══ Source material ══

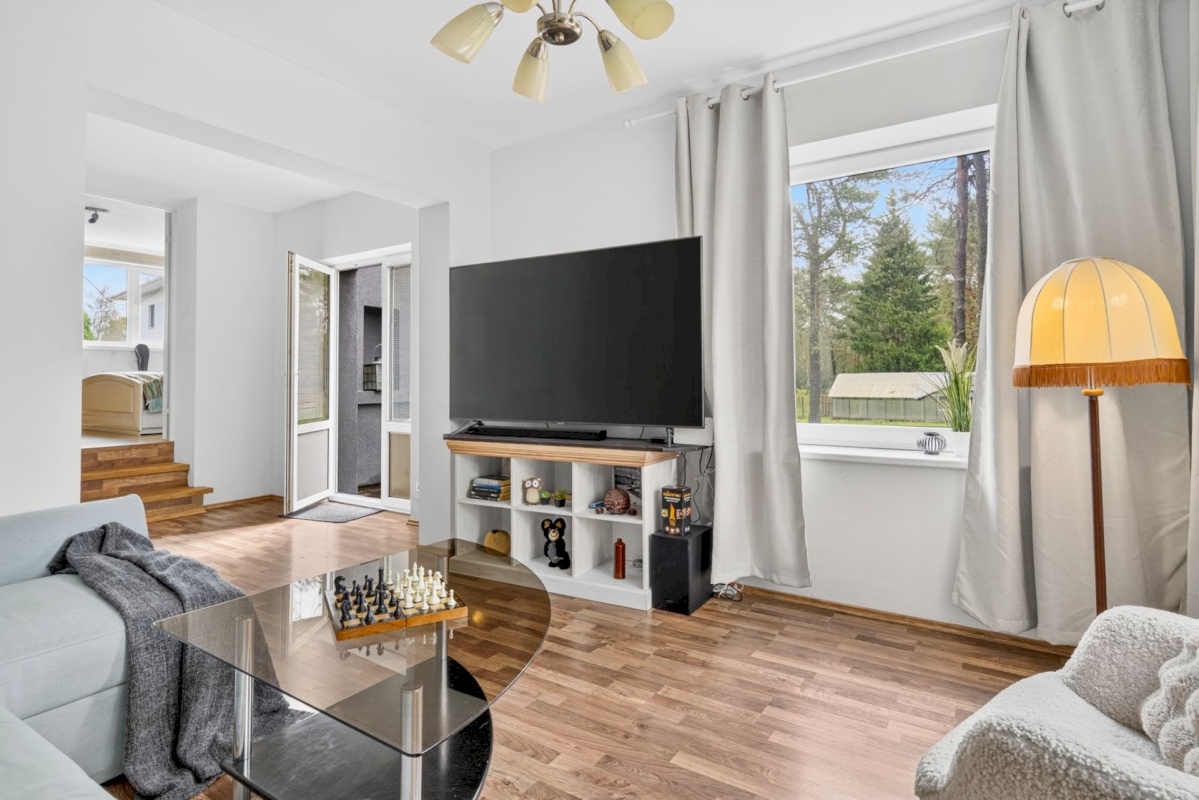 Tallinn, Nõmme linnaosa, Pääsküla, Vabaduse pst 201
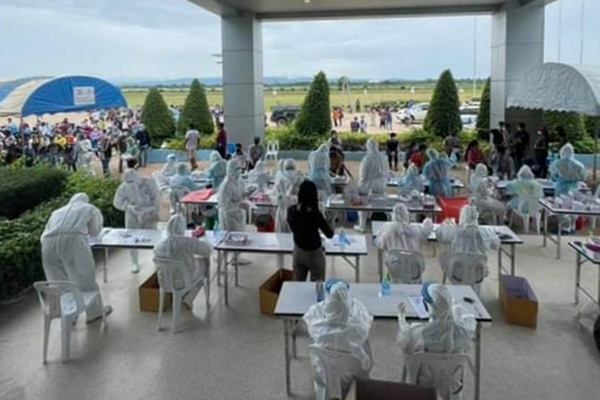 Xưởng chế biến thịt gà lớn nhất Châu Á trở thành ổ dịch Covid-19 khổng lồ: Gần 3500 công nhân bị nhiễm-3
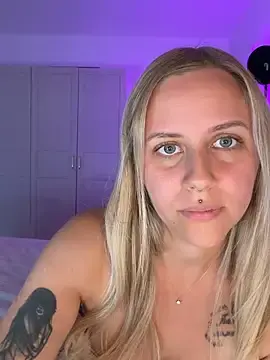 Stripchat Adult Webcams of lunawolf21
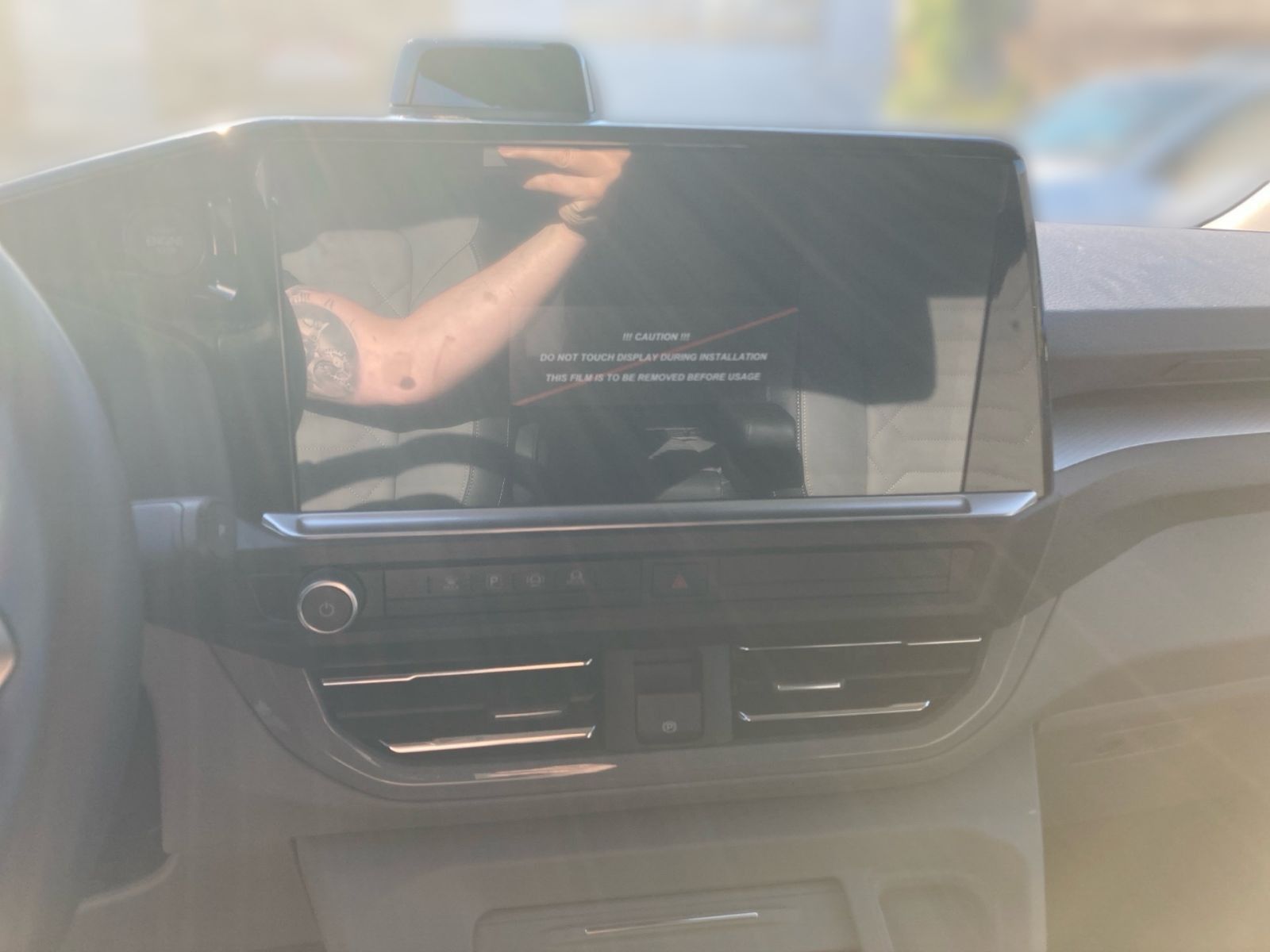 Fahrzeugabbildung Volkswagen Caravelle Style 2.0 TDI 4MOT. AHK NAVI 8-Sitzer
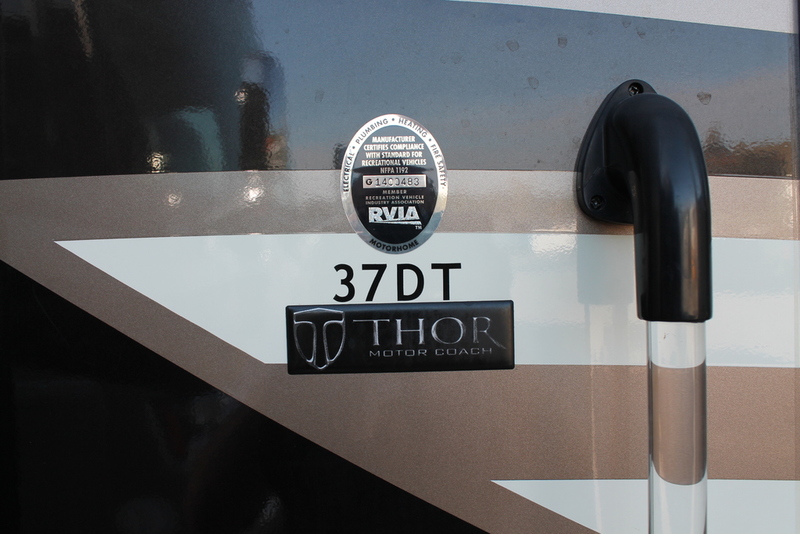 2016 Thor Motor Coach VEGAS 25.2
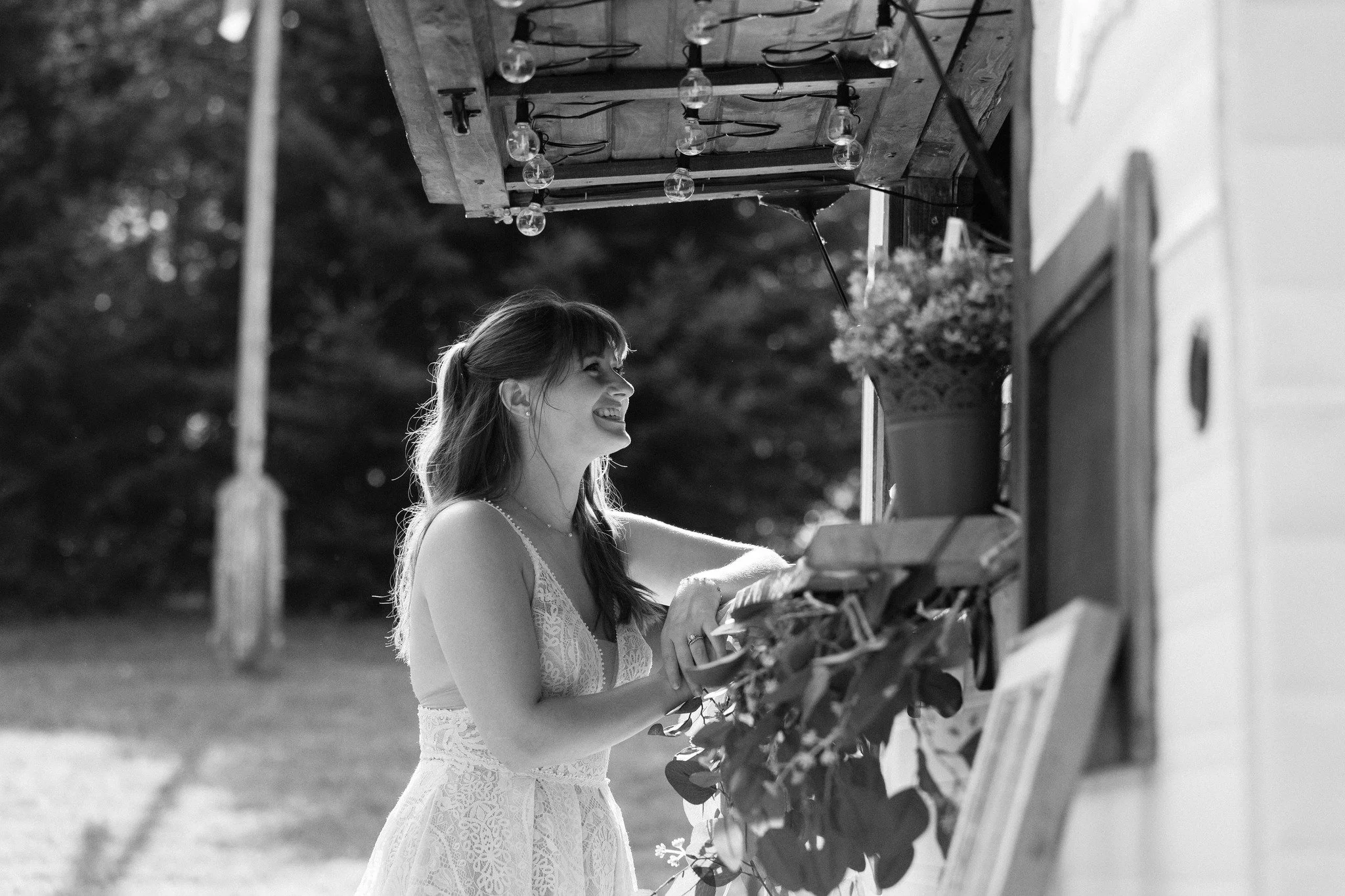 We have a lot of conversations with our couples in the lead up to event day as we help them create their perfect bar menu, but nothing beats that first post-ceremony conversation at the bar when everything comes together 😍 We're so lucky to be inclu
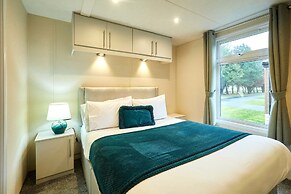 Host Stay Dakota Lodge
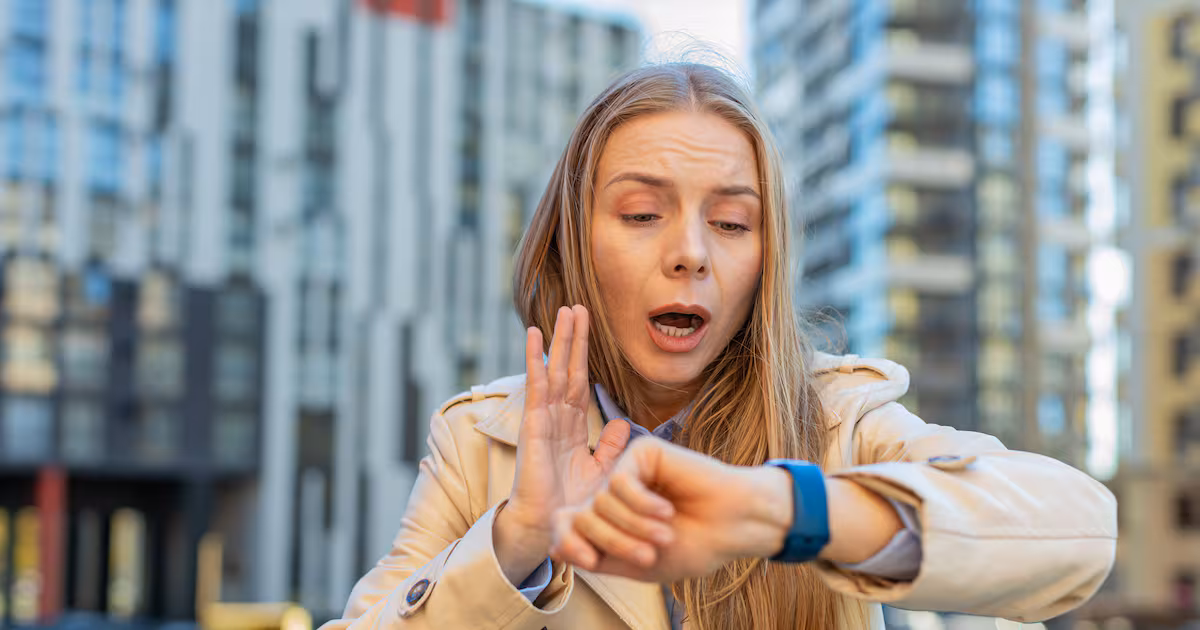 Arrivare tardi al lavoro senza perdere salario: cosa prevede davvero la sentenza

═══

Give back the material above exactly as it appears, minus any picture.

Solution to this task:
 Tallinn, Nõmme linnaosa, Pääsküla, Vabaduse pst 201
 Xưởng chế biến thịt gà lớn nhất Châu Á trở thành ổ dịch Covid-19 khổng lồ: Gần 3500 công nhân bị nhiễm-3
 Stripchat Adult Webcams of lunawolf21
 Fahrzeugabbildung Volkswagen Caravelle Style 2.0 TDI 4MOT. AHK NAVI 8-Sitzer
 2016 Thor Motor Coach VEGAS 25.2
 We have a lot of conversations with our couples in the lead up to event day as we help them create their perfect bar menu, but nothing beats that first post-ceremony conversation at the bar when everything comes together 😍 We're so lucky to be inclu
 Host Stay Dakota Lodge
 Arrivare tardi al lavoro senza perdere salario: cosa prevede davvero la sentenza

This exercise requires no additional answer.